*** Opening EXERCISE DATA ***

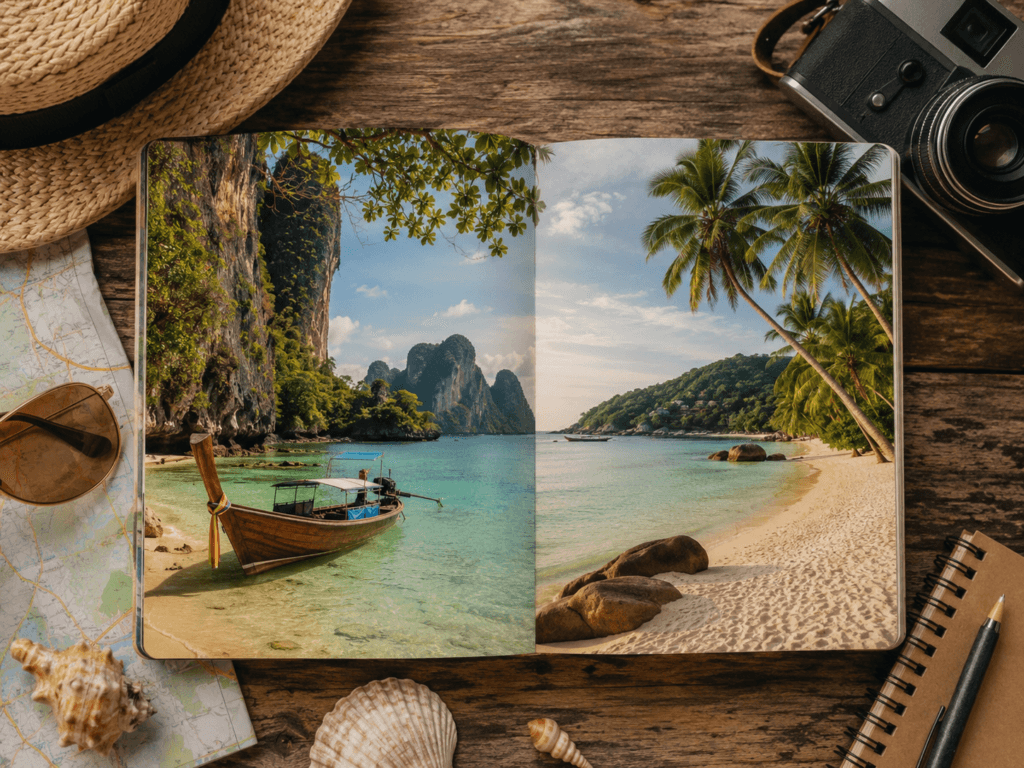 Thailand island coast choice travel planning scene with beach photos, map, camera, shells, sunglasses and tropical coast comparison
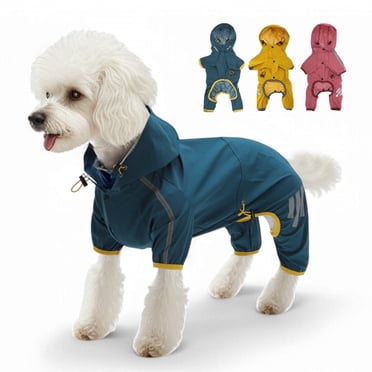Unique Bargains Imperméable pour Chien Manteau de Pluie Imperméable pour Chien avec Capuchon Manteau de Pluie pour Chiens Réfléchissant Léger Manteau de Pluie pour Chien Grand Bleu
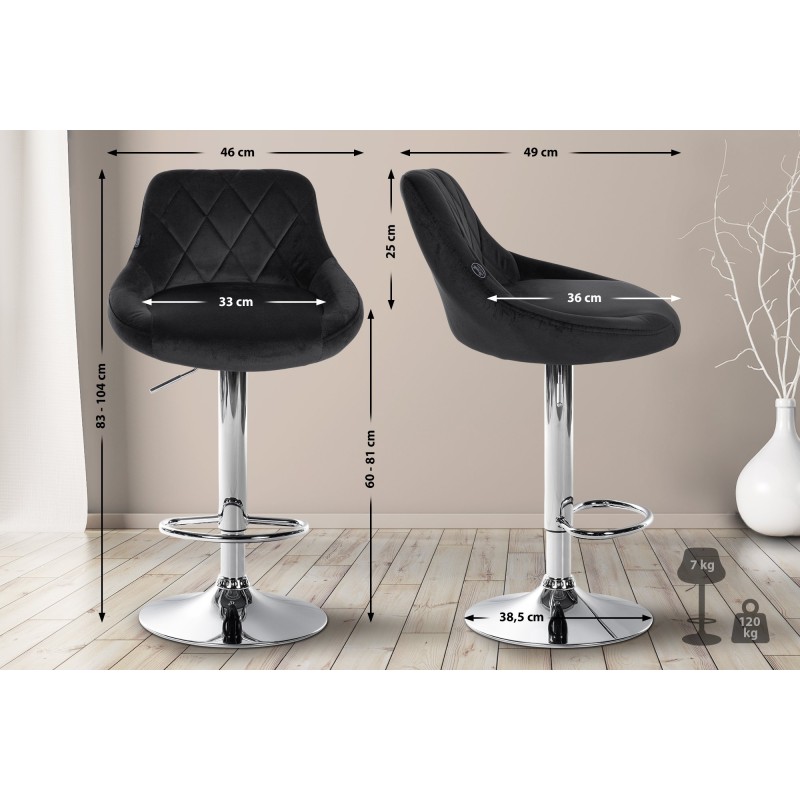 Juego de 2 taburetes de bar Lazio, terciopelo, cromo-negro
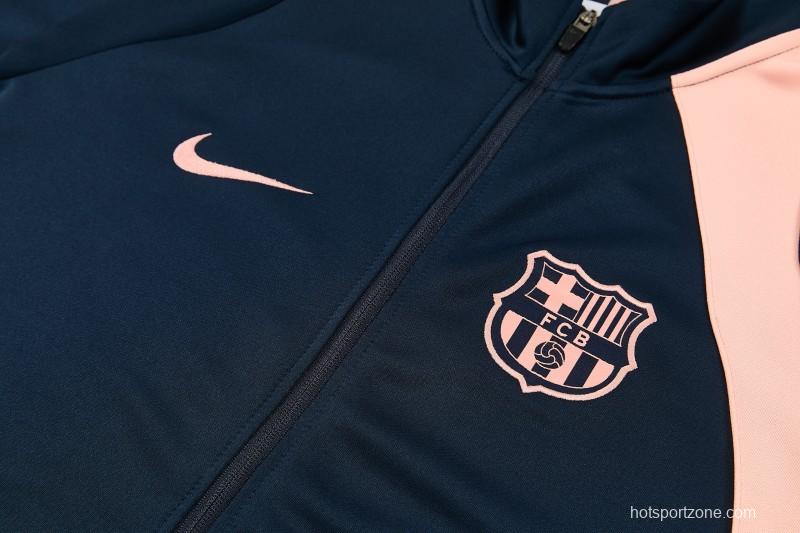 26/27 Barcelona Navy Blue & Pink  Full Zipper Jacket Tracksuit + Long Pants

*** Closing EXERCISE DATA ***

PROBLEM TO WORK ON. Write out exactly the lines beginning with the line that holds "Juego de 2 taburetes" and ending with the final line of the data, both ends included, without the pictures.

WRITTEN SOLUTION.
 Juego de 2 taburetes de bar Lazio, terciopelo, cromo-negro
 26/27 Barcelona Navy Blue & Pink  Full Zipper Jacket Tracksuit + Long Pants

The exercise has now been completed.